DATA FOR THE TASK below:
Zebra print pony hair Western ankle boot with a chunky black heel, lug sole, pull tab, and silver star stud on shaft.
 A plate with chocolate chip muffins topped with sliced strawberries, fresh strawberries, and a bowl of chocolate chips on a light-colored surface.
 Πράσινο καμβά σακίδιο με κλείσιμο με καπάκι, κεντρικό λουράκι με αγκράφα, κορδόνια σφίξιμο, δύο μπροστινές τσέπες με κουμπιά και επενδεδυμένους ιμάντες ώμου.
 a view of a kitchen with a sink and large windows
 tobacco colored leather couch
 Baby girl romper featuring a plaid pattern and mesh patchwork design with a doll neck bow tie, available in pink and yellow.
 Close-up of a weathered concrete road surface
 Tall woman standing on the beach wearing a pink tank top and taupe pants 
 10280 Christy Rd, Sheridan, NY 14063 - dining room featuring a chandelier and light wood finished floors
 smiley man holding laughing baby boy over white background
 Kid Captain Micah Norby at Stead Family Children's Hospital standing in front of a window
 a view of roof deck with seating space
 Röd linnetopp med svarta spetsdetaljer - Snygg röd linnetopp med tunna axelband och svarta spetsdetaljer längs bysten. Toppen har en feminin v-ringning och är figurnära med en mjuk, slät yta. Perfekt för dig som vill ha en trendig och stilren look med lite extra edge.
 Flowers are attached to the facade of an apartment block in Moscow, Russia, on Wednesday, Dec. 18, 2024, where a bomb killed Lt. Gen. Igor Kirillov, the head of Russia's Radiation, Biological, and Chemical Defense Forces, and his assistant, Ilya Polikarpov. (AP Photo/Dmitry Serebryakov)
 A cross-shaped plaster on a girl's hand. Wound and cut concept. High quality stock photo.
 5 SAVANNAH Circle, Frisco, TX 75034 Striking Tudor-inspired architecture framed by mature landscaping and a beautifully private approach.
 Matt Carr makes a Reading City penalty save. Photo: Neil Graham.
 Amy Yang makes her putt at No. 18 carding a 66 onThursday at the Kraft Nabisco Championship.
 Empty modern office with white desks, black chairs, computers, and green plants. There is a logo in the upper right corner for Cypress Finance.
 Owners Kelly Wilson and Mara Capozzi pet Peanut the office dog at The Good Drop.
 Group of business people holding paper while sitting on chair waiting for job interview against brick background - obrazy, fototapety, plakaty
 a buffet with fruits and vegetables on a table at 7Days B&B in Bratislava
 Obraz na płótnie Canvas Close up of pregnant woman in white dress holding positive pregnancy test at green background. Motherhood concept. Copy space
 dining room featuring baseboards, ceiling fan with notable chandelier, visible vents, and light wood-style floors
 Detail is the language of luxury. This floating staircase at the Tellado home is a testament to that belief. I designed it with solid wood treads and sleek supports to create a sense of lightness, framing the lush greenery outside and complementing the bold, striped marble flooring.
End of DATA FOR THE TASK.
**PROBLEM TO WORK ON**
Using the records above, gather all lines where the string "pink" is present.

**RESULT FOR THIS EXERCISE**
 Baby girl romper featuring a plaid pattern and mesh patchwork design with a doll neck bow tie, available in pink and yellow.
 Tall woman standing on the beach wearing a pink tank top and taupe pants 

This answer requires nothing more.